Multi Data Center Architecture with AWS


Hi All. It’s come time for us to setup logging in a new build we’re doing that’s spread out across 2 Data Centers. After a lot of googling, I haven’t found a way of running a Graylog setup across 2 DCs, at least not easily anyway, due to Elastic Search not really supporting this kind of setup (Cross DC clustering). Elastic Search Cross cluster searching looked promising, but couldn’t find much info on it in relation to Graylog and unfortunately running 1 standalone Graylog setup in each Data Center isn’t an option.

In our case, we have dual 1Gbps Direct Connects into AWS at each Data Center and a single 1Gbps dedicated link between the 2 DCs. So I was looking into a hybrid type setup, where we run our Elastic Search cluster in our VPC, whilst keeping Graylog on prem. Kind of like below:

Initially a single Graylog instance in each DC would be enough for us, but it will be behind a load balancer from the start, so adding more instances should be straight forward. Graylog and MongoDB will be clustered across DCs, with a third MongoDB instance in AWS to keep an odd number.

The end goal is the have resources in each DC send their logs to the local Graylog instance, which in turn sends the data to the shared Elastic Search. A user can then log into the web interface in either data center and be able to search logs from both DCs, and we don’t have to flood the link between the Data Centers sending logs from DC2 to DC1 for example. Hopefully this setup gives us better availability and scalability by easily being able to add nodes as required.

Before I get to far down the garden path, is something like this feasible, or are there better ways to be doing it? Ideally, I’d like to keep it all on prem, but it doesn’t seem (easily) possible with Elastic Search, so putting just Elastic Search and MongoDB in AWS whilst keeping Graylog on prem seems to be the most economical way I can think to do it… if it’s possible.

Would love some feedback :slight_smile: Thanks!

(Jan Doberstein) #2

you should measure the traffic you will have in your environment between the servers - and check if the provided link is shared for all applications that you run in your environment.

Cross Cluster search or some kind of federation is currently not possible with Graylog - but it this might be a future feature, but do not expect that within a few weeks.


Thanks Jan :grinning:

Just for an update, I got this all working.

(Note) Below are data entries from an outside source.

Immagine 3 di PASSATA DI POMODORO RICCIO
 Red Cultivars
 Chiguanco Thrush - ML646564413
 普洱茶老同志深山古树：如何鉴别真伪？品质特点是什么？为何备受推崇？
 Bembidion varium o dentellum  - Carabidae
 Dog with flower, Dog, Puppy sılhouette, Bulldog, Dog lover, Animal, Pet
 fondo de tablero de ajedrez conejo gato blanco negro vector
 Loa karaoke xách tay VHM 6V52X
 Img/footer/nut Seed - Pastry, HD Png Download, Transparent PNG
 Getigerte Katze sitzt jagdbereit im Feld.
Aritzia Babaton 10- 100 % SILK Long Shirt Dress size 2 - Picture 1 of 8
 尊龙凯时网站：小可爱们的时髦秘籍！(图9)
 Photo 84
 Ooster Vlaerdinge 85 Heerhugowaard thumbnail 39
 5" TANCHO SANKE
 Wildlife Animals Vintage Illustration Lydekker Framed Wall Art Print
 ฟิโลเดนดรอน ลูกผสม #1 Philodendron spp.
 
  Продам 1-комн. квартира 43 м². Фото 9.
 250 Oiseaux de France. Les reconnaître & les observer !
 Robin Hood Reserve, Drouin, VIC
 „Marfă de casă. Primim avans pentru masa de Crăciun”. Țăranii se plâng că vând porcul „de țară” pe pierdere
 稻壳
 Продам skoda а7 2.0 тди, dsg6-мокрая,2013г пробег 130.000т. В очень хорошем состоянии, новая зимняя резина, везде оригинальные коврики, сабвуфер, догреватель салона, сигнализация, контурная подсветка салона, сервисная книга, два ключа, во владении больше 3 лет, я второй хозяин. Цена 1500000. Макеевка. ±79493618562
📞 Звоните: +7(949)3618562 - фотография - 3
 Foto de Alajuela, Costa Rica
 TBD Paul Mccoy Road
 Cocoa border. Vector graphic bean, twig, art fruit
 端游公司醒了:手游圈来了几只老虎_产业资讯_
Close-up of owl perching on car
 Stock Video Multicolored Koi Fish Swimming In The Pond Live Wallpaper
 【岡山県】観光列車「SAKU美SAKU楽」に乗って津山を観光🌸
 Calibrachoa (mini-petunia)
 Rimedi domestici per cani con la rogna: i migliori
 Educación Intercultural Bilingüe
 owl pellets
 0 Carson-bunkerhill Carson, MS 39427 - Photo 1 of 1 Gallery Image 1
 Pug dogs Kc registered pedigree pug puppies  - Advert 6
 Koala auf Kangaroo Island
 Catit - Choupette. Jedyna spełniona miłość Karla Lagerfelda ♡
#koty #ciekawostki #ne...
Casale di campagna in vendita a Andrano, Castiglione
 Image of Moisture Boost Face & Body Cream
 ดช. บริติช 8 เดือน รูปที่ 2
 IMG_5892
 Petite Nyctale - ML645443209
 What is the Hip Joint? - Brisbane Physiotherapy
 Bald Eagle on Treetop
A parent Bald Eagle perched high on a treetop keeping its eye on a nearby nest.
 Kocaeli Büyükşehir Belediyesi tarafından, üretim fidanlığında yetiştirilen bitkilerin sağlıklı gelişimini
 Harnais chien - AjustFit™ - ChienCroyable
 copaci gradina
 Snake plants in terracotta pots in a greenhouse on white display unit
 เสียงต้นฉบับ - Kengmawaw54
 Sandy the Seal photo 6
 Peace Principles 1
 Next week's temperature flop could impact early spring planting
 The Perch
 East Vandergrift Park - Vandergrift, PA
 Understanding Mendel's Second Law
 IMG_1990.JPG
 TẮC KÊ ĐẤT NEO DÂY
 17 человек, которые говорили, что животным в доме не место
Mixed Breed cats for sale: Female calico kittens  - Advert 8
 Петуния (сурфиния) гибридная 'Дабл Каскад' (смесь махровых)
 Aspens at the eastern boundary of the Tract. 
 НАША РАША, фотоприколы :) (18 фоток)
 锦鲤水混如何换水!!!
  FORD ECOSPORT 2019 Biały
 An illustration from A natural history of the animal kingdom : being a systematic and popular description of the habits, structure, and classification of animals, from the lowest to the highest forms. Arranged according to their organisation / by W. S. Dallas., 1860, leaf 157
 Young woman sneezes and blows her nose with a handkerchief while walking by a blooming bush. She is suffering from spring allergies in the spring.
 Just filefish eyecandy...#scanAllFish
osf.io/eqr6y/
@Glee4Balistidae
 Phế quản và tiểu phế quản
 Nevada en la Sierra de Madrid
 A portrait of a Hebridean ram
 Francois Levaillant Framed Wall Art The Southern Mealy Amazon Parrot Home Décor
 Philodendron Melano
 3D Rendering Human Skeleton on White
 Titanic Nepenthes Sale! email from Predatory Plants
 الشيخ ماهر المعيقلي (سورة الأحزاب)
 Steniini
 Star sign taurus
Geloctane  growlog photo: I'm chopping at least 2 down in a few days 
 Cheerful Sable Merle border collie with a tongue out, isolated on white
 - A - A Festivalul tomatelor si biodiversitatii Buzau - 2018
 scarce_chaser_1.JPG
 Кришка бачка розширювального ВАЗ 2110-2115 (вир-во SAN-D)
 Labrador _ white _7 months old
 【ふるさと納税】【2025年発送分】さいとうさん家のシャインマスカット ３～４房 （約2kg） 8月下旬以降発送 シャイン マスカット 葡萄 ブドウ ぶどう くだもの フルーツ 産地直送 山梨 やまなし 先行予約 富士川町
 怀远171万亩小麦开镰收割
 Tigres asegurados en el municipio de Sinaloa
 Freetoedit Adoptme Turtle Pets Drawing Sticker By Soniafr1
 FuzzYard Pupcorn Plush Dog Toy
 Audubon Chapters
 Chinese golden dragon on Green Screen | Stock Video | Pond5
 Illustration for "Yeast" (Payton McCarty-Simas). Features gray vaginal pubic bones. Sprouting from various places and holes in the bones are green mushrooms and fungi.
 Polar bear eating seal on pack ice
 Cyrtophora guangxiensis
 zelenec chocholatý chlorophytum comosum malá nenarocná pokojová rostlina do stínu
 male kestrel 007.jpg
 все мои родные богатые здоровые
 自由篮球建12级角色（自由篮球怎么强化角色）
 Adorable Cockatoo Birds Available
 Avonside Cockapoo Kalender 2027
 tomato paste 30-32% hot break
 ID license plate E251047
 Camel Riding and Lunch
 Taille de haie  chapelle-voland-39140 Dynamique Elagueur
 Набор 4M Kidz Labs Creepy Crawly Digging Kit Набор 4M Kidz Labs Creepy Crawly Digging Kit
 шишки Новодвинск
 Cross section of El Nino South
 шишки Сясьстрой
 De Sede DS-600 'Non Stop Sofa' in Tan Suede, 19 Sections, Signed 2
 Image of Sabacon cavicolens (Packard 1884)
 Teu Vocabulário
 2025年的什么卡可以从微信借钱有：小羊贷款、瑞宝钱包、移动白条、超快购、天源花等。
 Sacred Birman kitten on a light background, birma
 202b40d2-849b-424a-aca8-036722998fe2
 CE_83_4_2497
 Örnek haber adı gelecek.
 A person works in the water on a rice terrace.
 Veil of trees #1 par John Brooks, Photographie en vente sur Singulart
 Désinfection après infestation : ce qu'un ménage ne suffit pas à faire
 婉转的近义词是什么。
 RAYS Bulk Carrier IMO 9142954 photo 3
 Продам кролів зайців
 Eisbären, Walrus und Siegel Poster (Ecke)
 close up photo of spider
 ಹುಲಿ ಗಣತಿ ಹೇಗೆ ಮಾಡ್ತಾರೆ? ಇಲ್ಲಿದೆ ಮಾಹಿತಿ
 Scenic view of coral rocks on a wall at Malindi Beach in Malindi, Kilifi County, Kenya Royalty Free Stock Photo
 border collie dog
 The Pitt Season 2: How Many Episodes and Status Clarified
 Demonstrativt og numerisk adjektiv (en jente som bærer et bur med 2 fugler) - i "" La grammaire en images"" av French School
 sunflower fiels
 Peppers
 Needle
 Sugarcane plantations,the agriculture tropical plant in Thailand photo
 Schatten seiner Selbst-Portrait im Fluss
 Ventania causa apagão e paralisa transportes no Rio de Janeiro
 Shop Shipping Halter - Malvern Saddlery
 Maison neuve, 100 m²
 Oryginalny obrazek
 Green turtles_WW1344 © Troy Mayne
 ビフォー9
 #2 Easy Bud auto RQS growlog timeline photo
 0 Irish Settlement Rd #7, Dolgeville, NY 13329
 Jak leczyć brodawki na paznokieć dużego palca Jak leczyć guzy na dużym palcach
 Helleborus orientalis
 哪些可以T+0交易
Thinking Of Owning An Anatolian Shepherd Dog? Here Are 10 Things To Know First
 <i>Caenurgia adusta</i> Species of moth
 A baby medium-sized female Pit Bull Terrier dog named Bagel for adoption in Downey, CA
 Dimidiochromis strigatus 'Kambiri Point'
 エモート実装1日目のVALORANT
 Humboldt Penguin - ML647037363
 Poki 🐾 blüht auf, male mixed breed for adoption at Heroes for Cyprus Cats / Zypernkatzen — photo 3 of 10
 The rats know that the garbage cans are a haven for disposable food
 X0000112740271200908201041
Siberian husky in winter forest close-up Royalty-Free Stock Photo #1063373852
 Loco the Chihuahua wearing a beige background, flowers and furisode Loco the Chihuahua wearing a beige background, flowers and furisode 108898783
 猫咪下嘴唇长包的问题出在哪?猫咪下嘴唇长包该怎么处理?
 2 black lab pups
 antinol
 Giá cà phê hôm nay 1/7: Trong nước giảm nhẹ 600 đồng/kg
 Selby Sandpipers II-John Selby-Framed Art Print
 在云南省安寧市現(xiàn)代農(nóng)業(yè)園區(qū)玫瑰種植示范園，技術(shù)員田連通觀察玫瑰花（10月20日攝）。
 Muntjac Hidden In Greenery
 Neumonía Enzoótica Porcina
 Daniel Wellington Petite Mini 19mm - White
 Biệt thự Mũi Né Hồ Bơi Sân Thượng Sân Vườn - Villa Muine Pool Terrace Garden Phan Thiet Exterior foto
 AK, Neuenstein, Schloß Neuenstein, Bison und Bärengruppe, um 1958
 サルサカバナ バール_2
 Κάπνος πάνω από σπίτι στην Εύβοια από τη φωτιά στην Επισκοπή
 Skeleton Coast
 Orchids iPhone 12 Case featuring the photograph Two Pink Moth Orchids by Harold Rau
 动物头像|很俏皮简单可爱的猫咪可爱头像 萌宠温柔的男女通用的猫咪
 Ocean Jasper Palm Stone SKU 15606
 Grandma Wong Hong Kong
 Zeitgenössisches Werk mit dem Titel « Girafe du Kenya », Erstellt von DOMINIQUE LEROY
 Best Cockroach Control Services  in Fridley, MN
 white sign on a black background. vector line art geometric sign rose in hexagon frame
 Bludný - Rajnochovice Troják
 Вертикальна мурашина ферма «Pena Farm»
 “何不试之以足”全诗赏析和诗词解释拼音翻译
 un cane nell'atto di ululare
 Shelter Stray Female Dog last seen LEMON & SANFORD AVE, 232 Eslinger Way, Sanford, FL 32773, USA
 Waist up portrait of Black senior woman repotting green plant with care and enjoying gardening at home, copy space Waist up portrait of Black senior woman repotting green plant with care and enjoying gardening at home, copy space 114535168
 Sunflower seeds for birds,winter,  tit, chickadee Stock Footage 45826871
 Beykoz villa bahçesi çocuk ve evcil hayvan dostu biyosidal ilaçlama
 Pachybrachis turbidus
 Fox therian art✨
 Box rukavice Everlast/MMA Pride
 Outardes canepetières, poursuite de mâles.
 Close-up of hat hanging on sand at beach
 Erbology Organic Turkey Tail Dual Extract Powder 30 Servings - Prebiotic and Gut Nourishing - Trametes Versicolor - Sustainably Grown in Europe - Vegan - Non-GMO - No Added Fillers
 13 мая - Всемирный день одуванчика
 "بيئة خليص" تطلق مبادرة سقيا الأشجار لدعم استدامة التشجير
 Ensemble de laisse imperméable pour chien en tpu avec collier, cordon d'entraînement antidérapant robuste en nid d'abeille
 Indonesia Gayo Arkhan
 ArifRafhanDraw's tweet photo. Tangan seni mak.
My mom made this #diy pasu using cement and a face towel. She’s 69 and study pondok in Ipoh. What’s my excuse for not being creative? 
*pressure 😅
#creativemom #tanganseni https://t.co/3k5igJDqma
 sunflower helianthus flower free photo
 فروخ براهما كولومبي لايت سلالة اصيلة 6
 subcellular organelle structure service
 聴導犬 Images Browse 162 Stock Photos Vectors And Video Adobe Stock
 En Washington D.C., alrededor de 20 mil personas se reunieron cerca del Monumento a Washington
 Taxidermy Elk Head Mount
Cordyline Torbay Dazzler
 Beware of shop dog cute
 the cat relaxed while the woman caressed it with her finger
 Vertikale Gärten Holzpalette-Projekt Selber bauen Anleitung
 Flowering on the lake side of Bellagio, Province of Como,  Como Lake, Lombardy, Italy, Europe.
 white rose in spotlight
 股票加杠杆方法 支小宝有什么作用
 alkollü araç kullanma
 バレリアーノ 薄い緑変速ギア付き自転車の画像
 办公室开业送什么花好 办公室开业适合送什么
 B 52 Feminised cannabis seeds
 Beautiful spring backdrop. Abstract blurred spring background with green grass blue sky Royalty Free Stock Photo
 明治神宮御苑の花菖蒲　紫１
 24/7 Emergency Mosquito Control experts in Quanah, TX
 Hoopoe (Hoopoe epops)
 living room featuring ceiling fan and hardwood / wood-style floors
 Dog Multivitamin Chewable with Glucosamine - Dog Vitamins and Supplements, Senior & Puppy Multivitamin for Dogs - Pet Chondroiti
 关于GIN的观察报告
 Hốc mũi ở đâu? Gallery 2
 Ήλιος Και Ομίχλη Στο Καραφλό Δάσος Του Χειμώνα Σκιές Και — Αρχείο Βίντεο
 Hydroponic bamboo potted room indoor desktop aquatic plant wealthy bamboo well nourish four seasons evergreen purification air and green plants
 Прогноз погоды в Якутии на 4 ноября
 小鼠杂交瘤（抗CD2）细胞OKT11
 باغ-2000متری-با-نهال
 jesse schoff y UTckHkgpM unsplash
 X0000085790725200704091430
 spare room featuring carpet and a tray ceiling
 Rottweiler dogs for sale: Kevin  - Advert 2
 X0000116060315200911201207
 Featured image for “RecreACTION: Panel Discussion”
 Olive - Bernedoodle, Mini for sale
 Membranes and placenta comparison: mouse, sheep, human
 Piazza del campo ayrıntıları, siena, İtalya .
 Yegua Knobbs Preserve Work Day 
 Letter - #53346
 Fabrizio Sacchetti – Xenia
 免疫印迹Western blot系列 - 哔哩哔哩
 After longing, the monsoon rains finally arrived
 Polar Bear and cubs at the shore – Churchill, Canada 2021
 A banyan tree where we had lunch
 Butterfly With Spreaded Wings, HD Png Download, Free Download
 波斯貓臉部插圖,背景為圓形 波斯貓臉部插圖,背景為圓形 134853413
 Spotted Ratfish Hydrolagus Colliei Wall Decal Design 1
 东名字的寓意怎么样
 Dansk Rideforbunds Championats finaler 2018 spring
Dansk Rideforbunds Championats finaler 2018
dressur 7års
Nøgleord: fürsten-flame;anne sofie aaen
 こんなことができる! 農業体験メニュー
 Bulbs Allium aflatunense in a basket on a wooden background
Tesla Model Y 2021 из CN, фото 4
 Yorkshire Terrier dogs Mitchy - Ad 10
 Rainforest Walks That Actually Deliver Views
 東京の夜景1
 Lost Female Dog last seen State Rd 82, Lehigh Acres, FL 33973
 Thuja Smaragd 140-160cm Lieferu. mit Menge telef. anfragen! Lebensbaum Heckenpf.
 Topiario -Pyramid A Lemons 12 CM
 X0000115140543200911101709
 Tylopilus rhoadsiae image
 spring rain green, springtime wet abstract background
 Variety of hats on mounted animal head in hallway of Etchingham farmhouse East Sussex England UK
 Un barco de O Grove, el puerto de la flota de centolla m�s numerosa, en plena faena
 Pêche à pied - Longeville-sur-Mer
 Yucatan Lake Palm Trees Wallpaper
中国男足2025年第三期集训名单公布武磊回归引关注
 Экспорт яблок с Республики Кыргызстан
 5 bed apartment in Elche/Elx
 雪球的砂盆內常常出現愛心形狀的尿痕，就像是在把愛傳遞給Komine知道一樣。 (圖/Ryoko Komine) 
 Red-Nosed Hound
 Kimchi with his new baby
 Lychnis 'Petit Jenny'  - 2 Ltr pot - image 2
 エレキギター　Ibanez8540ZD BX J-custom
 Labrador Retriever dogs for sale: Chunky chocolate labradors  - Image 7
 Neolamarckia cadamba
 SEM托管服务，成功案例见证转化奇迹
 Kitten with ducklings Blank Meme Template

ElasticSearch is running in AWS, I used docker for this and built a base AMI with packer so it can be run in an autoscaling group behind an ALB which seems to work well. New nodes join the cluster automatically.

I ended up moving MongoDB to AWS totally rather than running on prem. I used docker and packer also for MongoDB to create a 3 node replica set. Unfortunately for this bit, the creation of the replica set is still a manual step after provisioning the instances, will work on trying to automate this at a later date.

For GrayLog, I’m running 4 nodes in total, 2 in each data center behind a load balancer. I didn’t end up using docker for the GrayLog component, a standard install worked just fine.

So now I’m left with each DC being able to send logs to the local GrayLog load balancer VIP for ingestion and indexing, and I can log on to any of the 4 web interfaces and search all of the logs from both DC’s, which is exactly what I wanted.

For now I’m just using 3x t2.medium for Elasticsearch and 3x t2.nano for MongoDB. Now I will be starting to setup logging on all our servers and devices to load test it, almost certainly these instance sizes will increase.

Happy to share my docker/packer/ansible/terraform files if anyone is interested in a similar setup.

(Brandon Cruz) #4

Hi sirfraz, I am looking for a similar setup. Would you be willing to share your setup files?



Sure, no worries. I’ll get them posted somewhere in the next couple of days when I’m back at the office.

(Brandon Cruz) #6

Great! Let me know when available.


Hey there, I haven’t forgot, I promise :slight_smile:

I’ll try and get these up on github this week, I just need to sanitise the configs.

Sorry for the delay.

(Brandon Cruz) #8

No worries. Thanks again for sharing!


Hey, finally got them uploaded:

You’ll need to modify them to suit your needs. The only thing I couldn’t automate (but I’m sure there is a way), was initialising the MongoDB replica set. I had to logon and do that manually after building. Seems to be running fine for the moment, but I’m sure it will need tweaking. It’s still only being tested.

(Brandon Cruz) #10

Awesome! Thanks so much! Great work!


No worries :slight_smile: If you see anything that can be done better, let me know. This is the first time I’ve played with any of this stuff, it was hacked together from a bunch of different articles I read and trial and error.


(system) closed #12

This topic was automatically closed 14 days after the last reply. New replies are no longer allowed.